Credit: Mbzt, Wikipedia, CC BY-SA 3.0
In an interesting article for Charisma News, Michael Snyder discusses the mysterious disappearance of the Ark of the Covenant.
The Ark of the Covenant is arguably one of the world’s most famous missing artifacts. I mean, it has had movies made about it.
What we do know is that the Ark of the Covenant disappeared after Jerusalem fell to the Babylonians in 586 BC and has never reappeared. We know from the Biblical record that it was not on the list of objects that the Babylonian army took when it looted the temple (2 Kings 25:13-17).
So what happened to the Ark of the Covenant?
With the Ark being the most valuable object in the Jewish Temple, the most accepted theory is that Jewish priests hid it in the labyrinth of tunnels and caves located beneath the temple mount before Jerusalem fell to the Babylonians.
With the senior priests slaughtered during the Babylonian invasion (2 Kings 25:18-21), it seems that information on the Ark’s location was lost as well.
The Temple Institute is an organization in Israel dedicated to seeing the construction of a third Temple in Jerusalem. Snyder points to information on the Institute’s website that suggests, they know exactly where the Ark is located:
While some claim to have evidence that the ark is in Ethiopia, and of course, moviegoers were treated to a fanciful version of the story in “Raiders of the Lost Ark,” in reality, the expression “lost” ark is not an accurate description for the Jewish people’s point of view – because we have always known exactly where it is. So the Ark is “hidden,” and hidden quite well, but it is not lost.
Tradition records that even as King Solomon built the First Temple, he already knew, through Divine inspiration, that eventually it would be destroyed. Thus Solomon, the wisest of all men, oversaw the construction of a vast system of labyrinths, mazes, chambers and corridors underneath the Temple Mount complex. He commanded that a special place be built in the bowels of the earth, where the sacred vessels of the Temple could be hidden in case of approaching danger. Midrashic tradition teaches that King Josiah of Israel, who lived about forty years before the destruction of the First Temple, commanded the Levites to hide the Ark, together with the original menorah and several other items*, in this secret hiding place which Solomon had prepared.
This location is recorded in our sources, and today, there are those who know exactly where this chamber is. And we know that the ark is still there, undisturbed, and waiting for the day when it will be revealed. An attempt was made some few years ago to excavate towards the direction of this chamber. This resulted in widespread Moslem unrest and rioting. They stand a great deal to lose if the Ark is revealed – for it will prove to the whole world that there really was a Holy Temple, and thus, that the Jews really do have a claim to the Temple Mount.

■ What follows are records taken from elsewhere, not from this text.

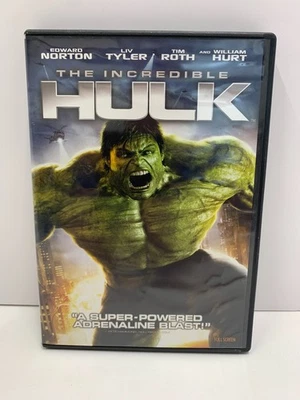 The Incredible Hulk Edward Norton, Liv Tyler, Tim Roth DVD Free Shipping Foto 1 de 3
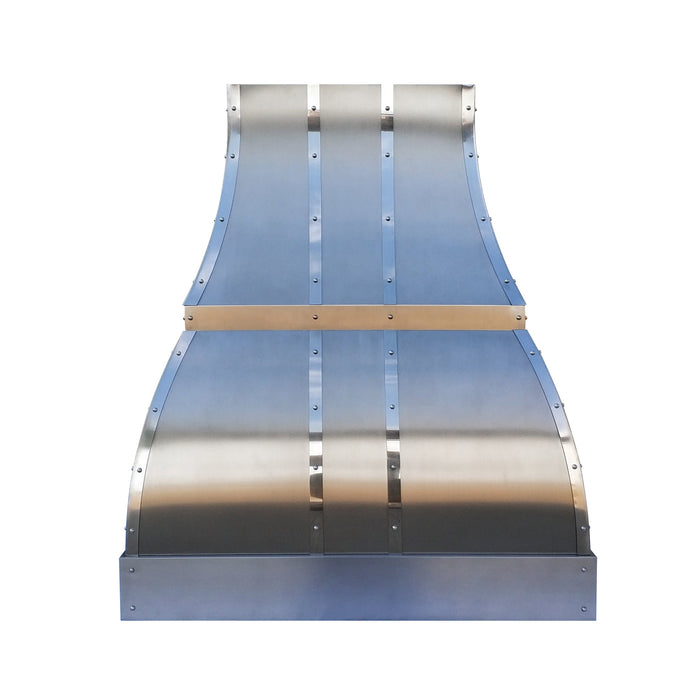 Custom Curved Stainless Steel Vent Hoods for Kitchen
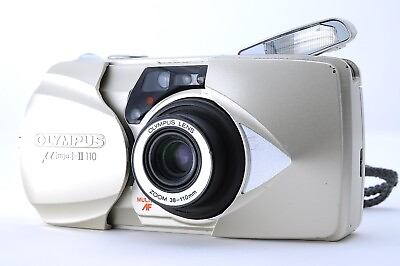 #ad Near Mint Olympus µ mju II 110 35mm Point amp; Shoot Film Camera From Japan $149.99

While the Institute states that it knows where the Ark of the Covenant was hidden, a verse in Jeremiah suggests something different.

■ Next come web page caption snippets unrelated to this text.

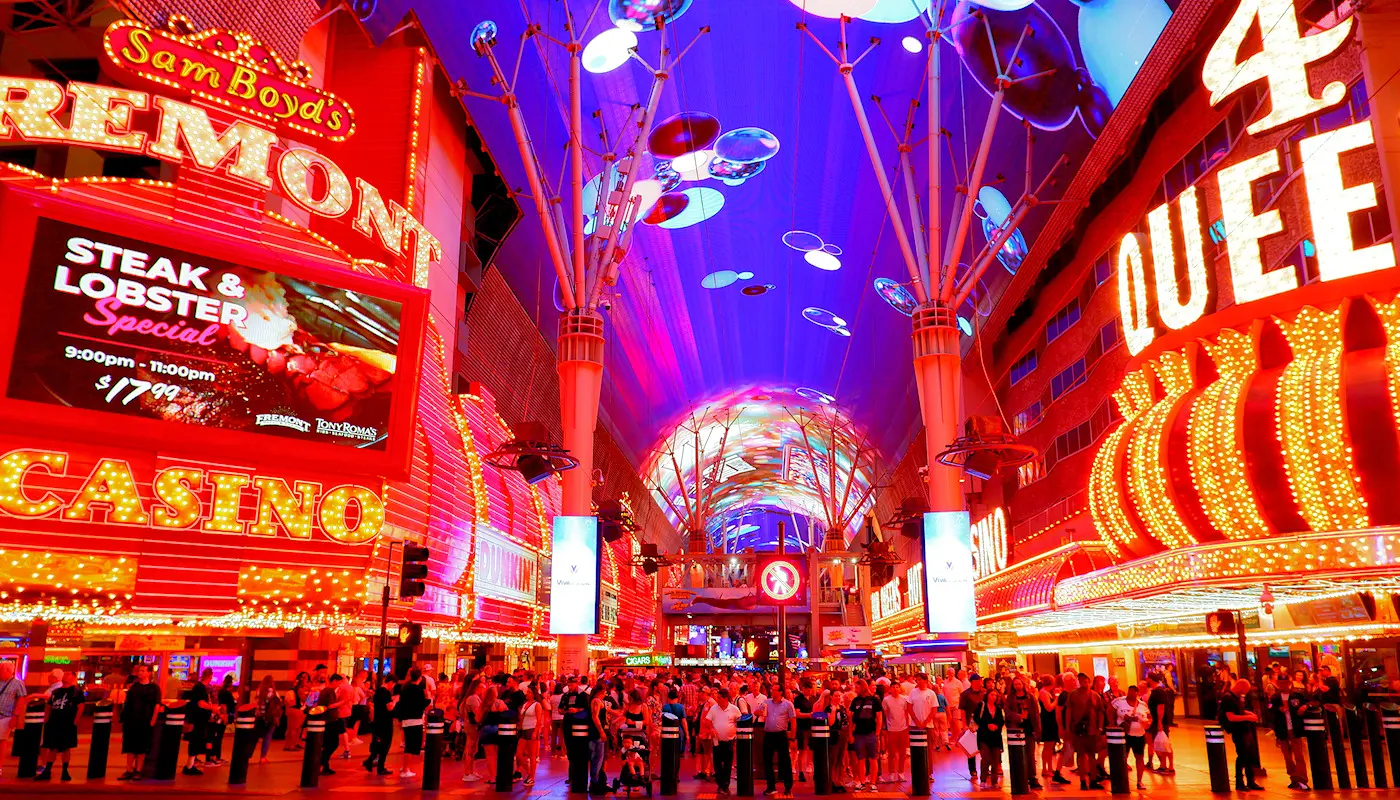 Hop on Hop off Bus Las Vegas Night
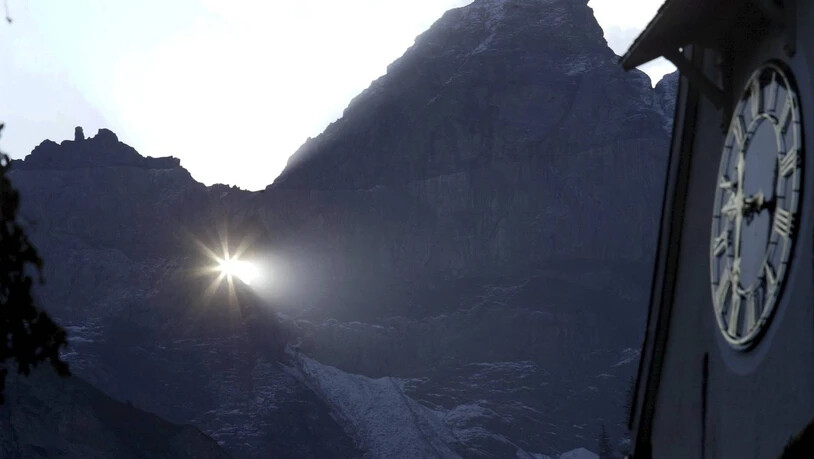 Martinsloch, Berge, Elm, Kirche, Naturschauspiel, Sonne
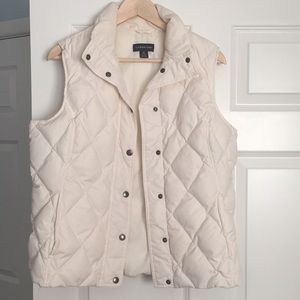 Lands’ End off white winter vest. Size M (10-12)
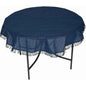 Tischdecke aus Kunststoff 160cm rund, blau, wetterfest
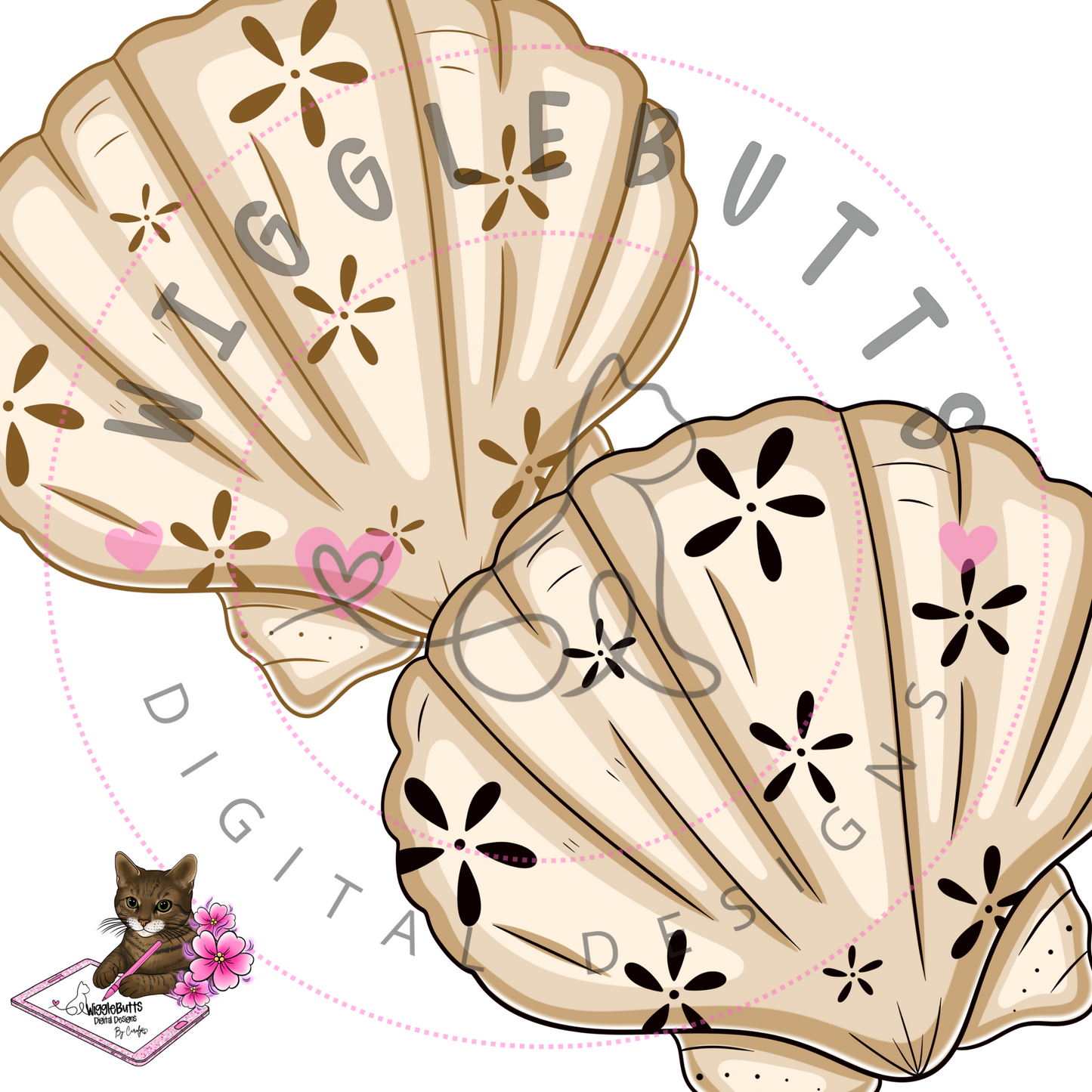 Seashell ClipArt Set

Jeremiah was alive when Babylon invaded, and he was uttering prophetic warnings to the Jews and their leaders that they would be hauled off into captivity because of their sin.
His prophecies actually included a word about the Ark of the Covenant:
“And it shall be in those days when you become numerous and are fruitful in the land,” declares the Lord, “they will no longer say, ‘The ark of the covenant of the Lord.’ And it will not come to mind, nor will they remember it, nor miss it, nor will it be made again.” (Jeremiah 3:16 NASV)
First, Jeremiah talks about how the Ark of the Covenant will disappear, and at some future time, the people of God will not even “miss it.”
In other words, the Ark of the Covenant on which the very presence of God rested in the Temple will no longer be important or desired by God’s people.
How is it possible that the most significant religious relic in Israel, on which the very presence of God rested, would no longer be considered essential?
Perhaps the reason for this is because of Christ’s death on the cross, the very presence of God can now reside inside both Jews and Gentiles who believe in Jesus.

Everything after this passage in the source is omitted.